Alright guys, not-so-little-update... Finished the injector hijacking thingy; thing is insanely cool, usually my electronics projects don't go well, but this one is pretty useful!
It only took: an Arduino nano, L298N H-bridge, micro relay, lots of resistors, a capacitor, an iic display, a potentiometer, four diodes, two injector driver ICs from the old Honda ECU and a heck of a lot of programming and debugging.
The Arduino reads pulses from the ECU to the injectors, but the ECU is still connected to the injectors via diodes; the injector drivers drive the injectors AFTER the diodes so the ECU can't tell the signal was hijacked. This way if the Arduino stops working, the car still runs perfectly normal (just without boost).
Then, after intercepting the signals and calculating the time of the pulse, it uses a simple function to calculate how much longer the pulse should be based on the MAP sensor output. (For you nerds, the function is (sq(MapVolts) * .01) )<-- IIRC, not looking at the code RN
This just means that the time it adds to the injector pulse is nonlinear, since my stock injectors need more fuel than usual. The map sensor wire is snipped before the ECU and a relay is put between the cut ends to intercept the signal to the ECU so it can't see the boost; it is a dual pole dual throw relay so I can attach an analog input to the NO side of the relay, when the relay is activated the ECU instead reads the analog output from the microcontroller which uses analogWrite() and the capacitor to generate a voltage which is the same as atmospheric. The MAP however is still connected to the Arduino so that it can change fueling accordingly, but the relay required too much current for the Arduino so I stuck an H-bridge on there.
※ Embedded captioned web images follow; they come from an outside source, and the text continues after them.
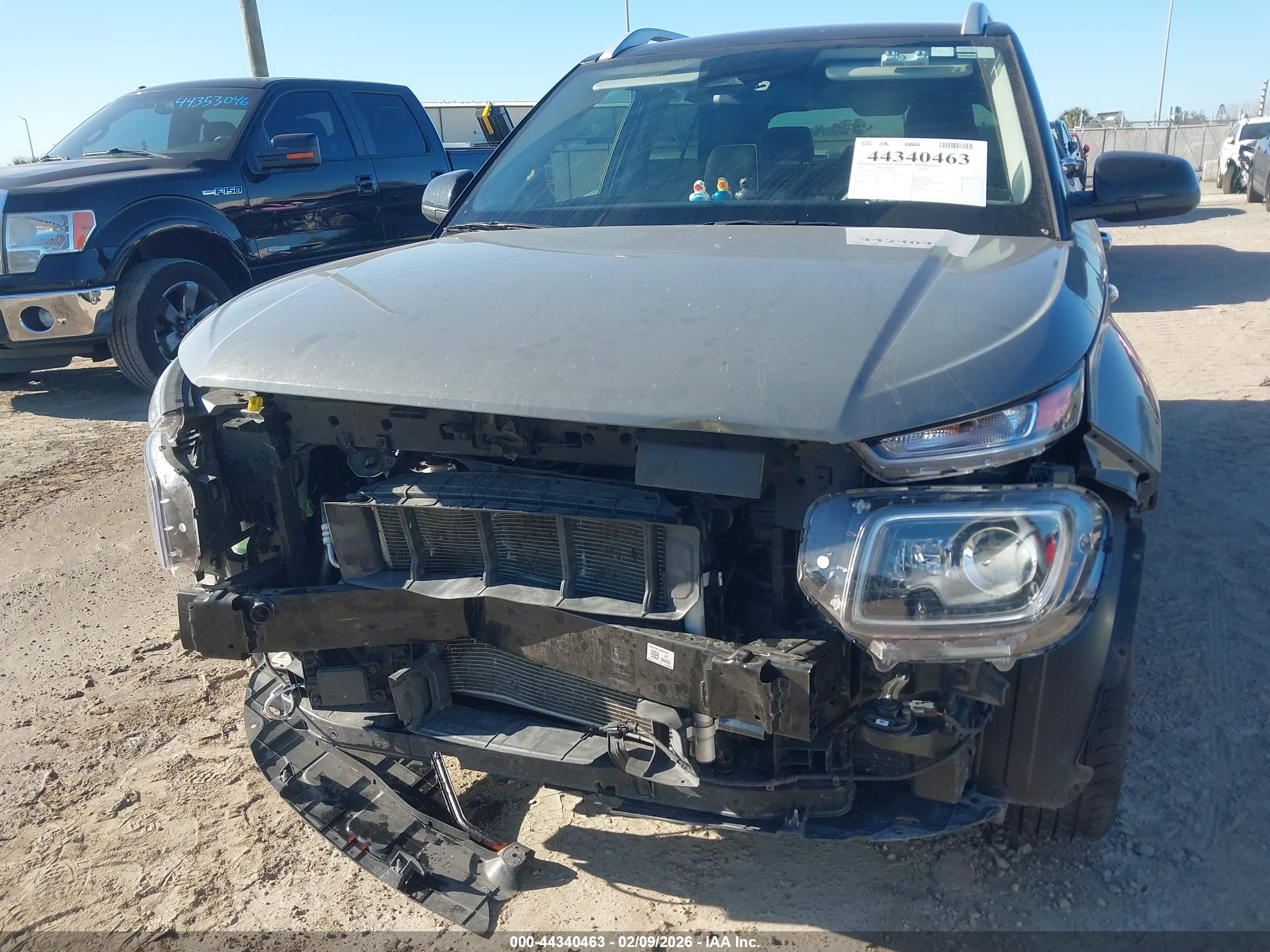 HYUNDAI VENUE image 6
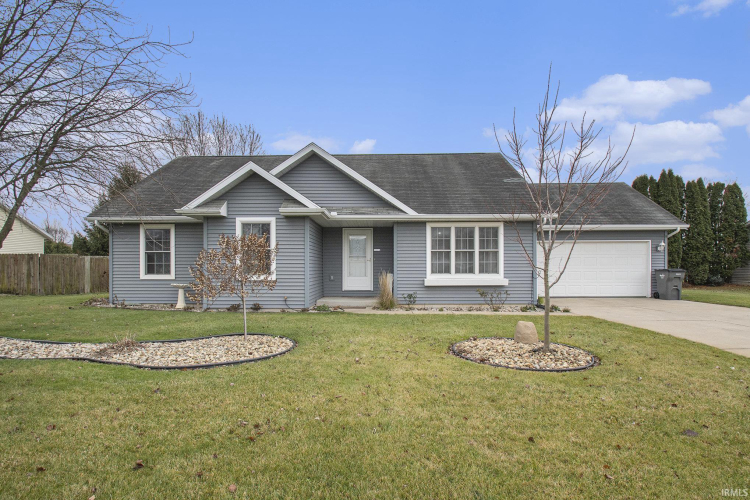 27590  Red Thistle Drive Elkhart, IN 46514 | MLS 202447712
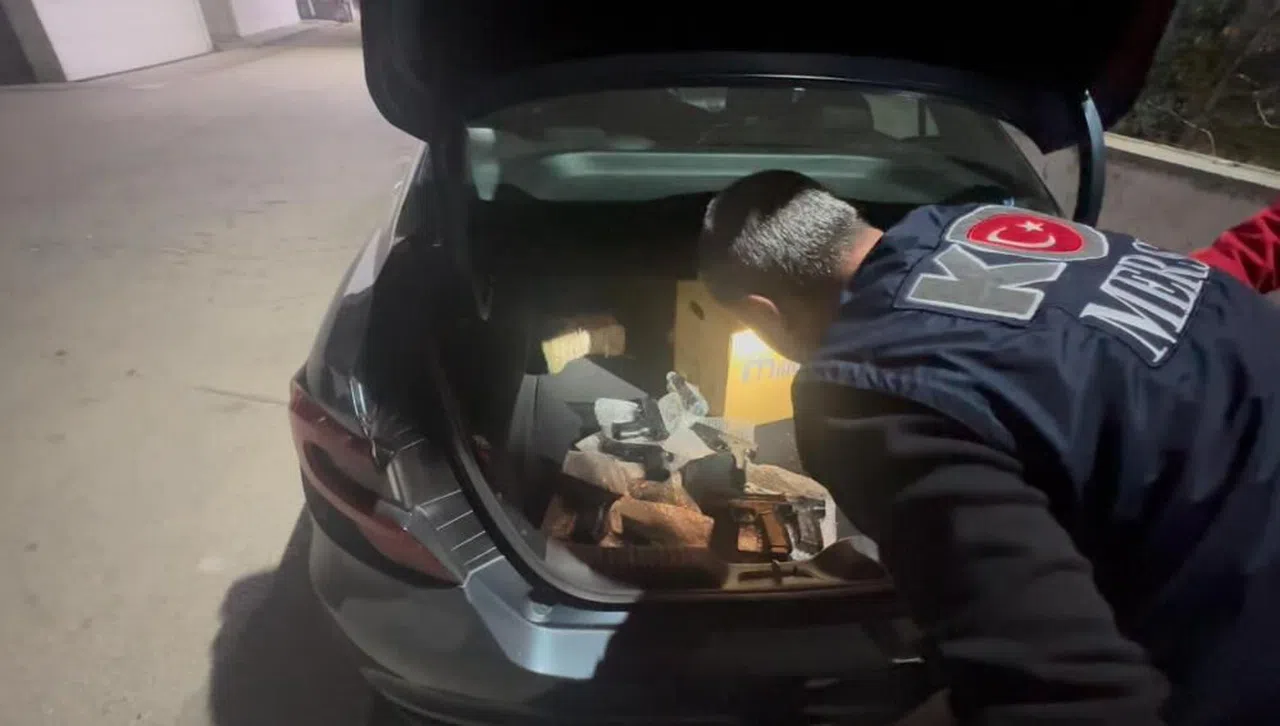Kaçak silah operasyonu: 40 tabanca ele geçirildi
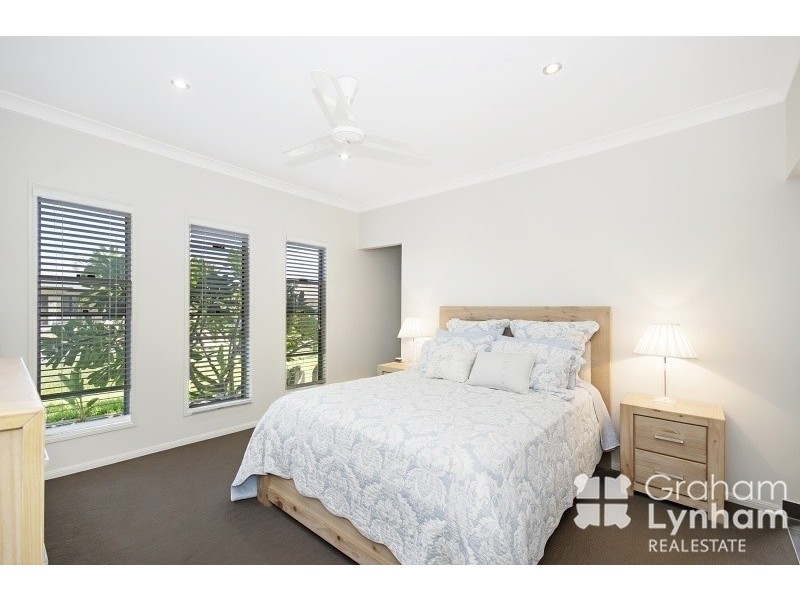 14 Ashmore Crescent, Burdell QLD 4818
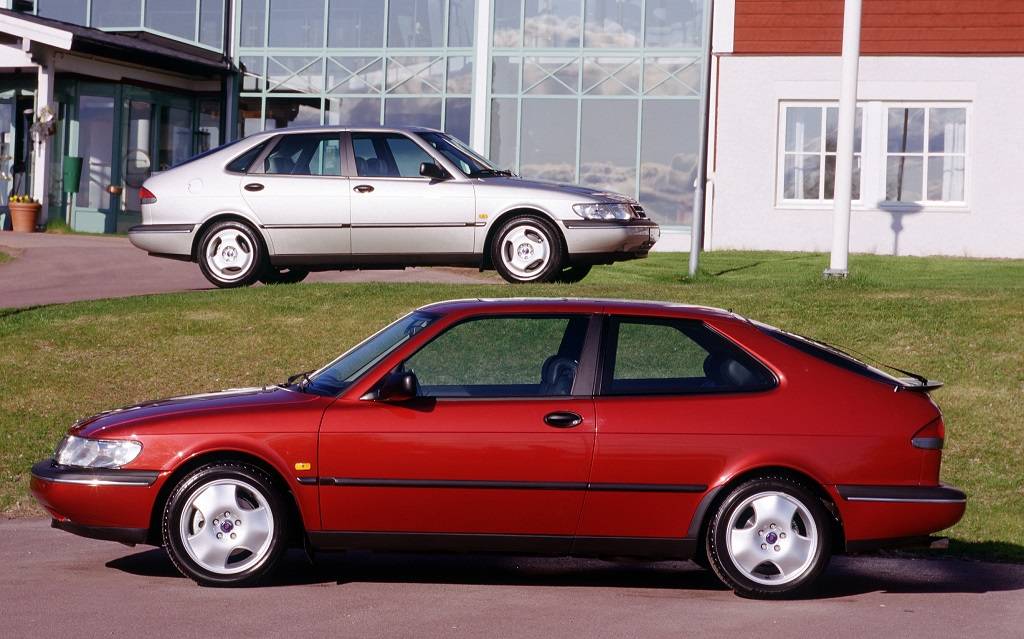 <p>Saab 900&nbsp;1994</p>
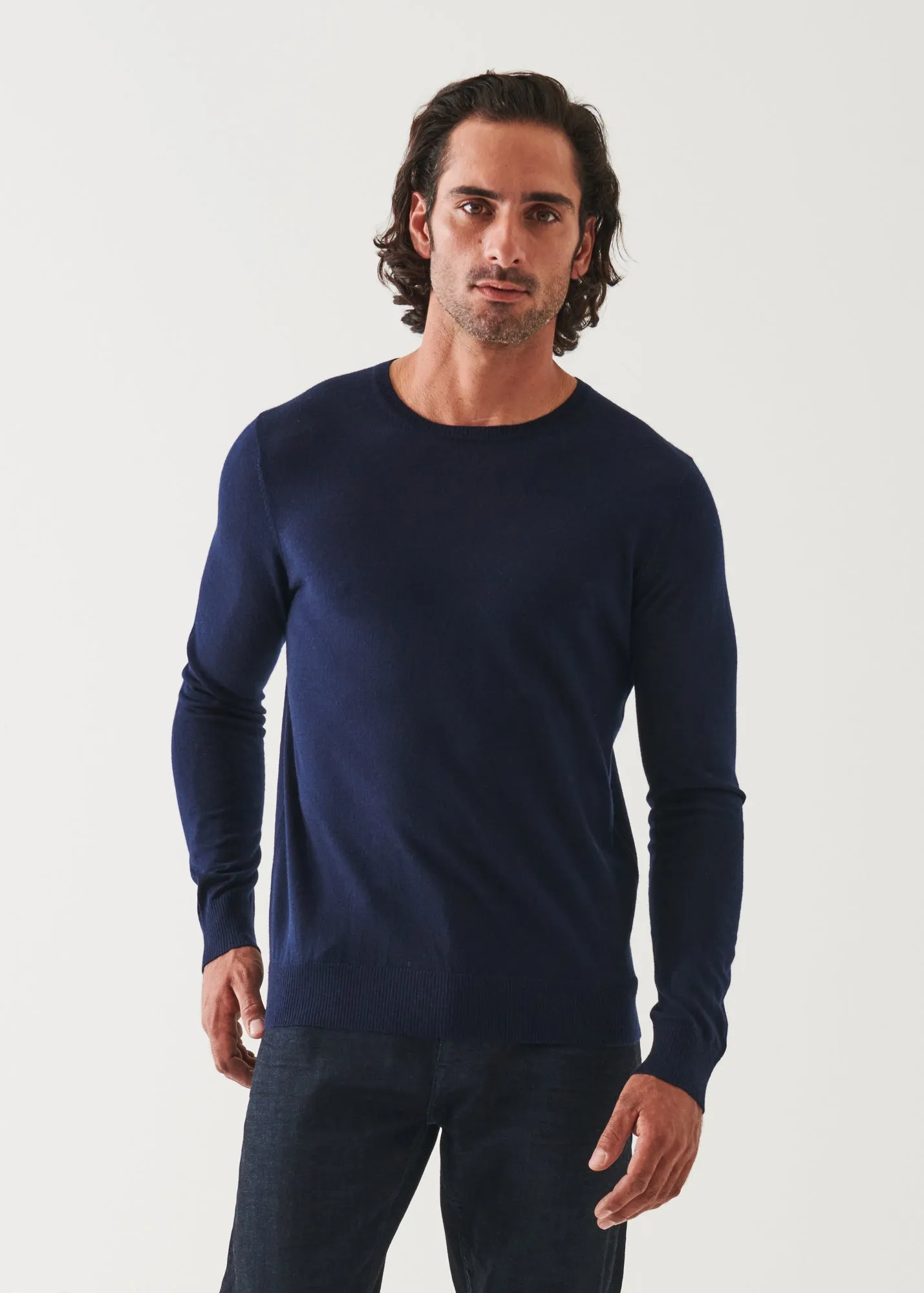 FINE GAUGE MERINO WOOL CREWNECK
The display has graphs for MAP voltage, Duty cycle, and displays a graph for the Duty cycle that the ECU is outputting.. Super intuitive and also displays the real number equivalents for all those graphs. (The Arduino has plenty of spare time to drive a display)
I'm sure some people will want to do this, so I'll try posting pics, schematics and a writeup soon, just kind of tough to draw out. I will say though, took it for a test drive today and had plenty of duty cycle left at 5psi on stock injectorbs, also, holy crap boost is amazing. This makes all the frick'n work worth every second!